* WHAT IS BEING ASKED
Your answer must be every line of the data below that holds the string "kitchen", copied exactly.

Brief descriptive captions:

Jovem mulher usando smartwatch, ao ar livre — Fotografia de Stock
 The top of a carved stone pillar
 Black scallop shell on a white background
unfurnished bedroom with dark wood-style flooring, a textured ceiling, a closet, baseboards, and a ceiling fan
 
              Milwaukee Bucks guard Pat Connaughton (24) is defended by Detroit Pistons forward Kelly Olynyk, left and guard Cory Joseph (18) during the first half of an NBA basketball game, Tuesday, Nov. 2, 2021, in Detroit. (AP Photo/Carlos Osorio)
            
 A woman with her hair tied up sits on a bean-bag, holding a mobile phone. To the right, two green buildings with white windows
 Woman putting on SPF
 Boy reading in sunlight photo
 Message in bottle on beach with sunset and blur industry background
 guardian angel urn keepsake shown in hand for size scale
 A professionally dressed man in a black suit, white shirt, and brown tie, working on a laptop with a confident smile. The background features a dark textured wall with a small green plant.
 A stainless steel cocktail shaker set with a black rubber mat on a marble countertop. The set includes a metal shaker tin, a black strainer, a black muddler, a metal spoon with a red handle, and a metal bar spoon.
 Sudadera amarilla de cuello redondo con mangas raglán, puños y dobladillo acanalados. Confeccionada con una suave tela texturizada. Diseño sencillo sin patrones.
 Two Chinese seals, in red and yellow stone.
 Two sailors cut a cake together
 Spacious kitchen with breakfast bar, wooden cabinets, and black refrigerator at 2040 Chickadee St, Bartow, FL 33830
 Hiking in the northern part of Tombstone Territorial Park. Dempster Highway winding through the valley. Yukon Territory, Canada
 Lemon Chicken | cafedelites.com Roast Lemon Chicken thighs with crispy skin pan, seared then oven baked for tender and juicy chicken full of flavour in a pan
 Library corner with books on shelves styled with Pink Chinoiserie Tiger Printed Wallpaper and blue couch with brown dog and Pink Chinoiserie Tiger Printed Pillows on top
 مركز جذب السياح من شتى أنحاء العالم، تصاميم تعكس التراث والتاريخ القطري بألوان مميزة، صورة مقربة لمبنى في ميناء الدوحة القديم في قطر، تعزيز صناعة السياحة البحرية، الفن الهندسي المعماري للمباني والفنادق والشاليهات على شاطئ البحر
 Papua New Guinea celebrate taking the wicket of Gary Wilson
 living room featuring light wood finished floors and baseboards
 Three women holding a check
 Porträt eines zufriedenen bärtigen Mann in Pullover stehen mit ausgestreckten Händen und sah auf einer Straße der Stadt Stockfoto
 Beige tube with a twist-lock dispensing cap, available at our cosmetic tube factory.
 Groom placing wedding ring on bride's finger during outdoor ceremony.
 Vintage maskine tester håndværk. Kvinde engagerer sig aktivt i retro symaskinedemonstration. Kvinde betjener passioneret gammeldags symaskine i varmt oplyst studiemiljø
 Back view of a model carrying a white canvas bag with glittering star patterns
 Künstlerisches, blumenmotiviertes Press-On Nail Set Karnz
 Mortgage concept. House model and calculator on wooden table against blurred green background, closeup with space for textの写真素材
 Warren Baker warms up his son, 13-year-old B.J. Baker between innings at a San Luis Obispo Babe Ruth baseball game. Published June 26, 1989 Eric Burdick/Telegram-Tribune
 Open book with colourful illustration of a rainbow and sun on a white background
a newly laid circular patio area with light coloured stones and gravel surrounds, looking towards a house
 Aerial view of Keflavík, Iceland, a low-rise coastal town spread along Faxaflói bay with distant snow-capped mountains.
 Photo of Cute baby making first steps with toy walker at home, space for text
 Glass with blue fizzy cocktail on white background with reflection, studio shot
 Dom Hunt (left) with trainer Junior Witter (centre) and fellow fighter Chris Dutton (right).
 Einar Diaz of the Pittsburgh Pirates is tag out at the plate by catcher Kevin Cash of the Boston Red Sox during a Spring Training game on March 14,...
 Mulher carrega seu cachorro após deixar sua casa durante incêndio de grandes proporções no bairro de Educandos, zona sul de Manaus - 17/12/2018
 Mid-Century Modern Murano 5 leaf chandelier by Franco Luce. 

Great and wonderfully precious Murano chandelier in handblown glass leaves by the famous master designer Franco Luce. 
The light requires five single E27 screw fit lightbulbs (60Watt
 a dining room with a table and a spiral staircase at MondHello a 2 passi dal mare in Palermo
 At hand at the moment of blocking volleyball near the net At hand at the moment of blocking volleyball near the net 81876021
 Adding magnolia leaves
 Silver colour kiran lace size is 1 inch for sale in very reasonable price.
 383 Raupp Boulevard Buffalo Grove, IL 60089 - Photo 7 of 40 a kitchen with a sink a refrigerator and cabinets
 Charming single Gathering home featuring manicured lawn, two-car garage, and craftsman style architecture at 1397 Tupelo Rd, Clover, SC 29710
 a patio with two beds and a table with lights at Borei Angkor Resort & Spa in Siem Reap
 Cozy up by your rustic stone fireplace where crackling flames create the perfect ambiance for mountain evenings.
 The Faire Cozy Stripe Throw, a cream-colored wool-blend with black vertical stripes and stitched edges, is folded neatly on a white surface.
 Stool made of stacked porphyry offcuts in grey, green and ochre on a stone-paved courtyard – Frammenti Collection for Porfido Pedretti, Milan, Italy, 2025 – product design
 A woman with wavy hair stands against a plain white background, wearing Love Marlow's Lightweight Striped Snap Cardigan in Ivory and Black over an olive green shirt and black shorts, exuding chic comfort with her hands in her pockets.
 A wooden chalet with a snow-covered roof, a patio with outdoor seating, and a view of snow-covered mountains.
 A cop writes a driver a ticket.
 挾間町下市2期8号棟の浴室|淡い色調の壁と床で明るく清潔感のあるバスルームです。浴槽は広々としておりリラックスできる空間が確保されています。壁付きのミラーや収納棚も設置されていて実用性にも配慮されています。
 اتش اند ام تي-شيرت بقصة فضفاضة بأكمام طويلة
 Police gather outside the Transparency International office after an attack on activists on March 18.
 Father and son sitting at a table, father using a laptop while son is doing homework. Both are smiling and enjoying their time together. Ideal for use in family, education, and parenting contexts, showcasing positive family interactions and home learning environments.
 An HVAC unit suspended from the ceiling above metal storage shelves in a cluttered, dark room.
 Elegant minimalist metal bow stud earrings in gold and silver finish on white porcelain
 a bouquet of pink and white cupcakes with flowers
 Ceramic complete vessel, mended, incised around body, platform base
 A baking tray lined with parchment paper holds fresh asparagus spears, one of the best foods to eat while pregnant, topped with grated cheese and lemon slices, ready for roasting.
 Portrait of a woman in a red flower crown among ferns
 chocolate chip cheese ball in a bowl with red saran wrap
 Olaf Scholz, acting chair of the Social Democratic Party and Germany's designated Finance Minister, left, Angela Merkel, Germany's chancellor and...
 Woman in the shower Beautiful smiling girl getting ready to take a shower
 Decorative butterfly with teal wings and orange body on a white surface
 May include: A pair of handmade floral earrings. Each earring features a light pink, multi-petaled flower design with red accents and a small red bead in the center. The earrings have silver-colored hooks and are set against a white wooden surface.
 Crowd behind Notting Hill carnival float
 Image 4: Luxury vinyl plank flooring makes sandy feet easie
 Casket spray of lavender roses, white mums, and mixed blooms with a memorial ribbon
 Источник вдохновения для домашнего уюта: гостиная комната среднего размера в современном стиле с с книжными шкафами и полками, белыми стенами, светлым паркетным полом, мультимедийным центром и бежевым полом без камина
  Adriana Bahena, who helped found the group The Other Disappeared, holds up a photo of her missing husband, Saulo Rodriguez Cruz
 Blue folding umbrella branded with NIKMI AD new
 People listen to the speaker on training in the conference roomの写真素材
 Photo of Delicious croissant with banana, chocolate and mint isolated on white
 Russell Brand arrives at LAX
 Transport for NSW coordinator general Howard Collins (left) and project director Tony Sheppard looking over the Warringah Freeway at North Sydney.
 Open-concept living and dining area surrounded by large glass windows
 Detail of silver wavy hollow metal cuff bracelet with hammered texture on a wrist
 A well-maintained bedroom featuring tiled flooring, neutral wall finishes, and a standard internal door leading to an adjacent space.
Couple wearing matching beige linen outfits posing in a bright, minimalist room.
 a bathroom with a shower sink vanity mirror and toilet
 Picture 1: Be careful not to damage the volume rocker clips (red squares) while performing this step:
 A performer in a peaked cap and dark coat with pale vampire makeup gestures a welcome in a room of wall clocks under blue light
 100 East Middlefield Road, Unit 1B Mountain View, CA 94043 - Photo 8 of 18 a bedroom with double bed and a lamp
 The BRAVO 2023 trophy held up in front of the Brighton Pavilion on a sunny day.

* RESULT FOR THIS TASK
 Spacious kitchen with breakfast bar, wooden cabinets, and black refrigerator at 2040 Chickadee St, Bartow, FL 33830
 383 Raupp Boulevard Buffalo Grove, IL 60089 - Photo 7 of 40 a kitchen with a sink a refrigerator and cabinets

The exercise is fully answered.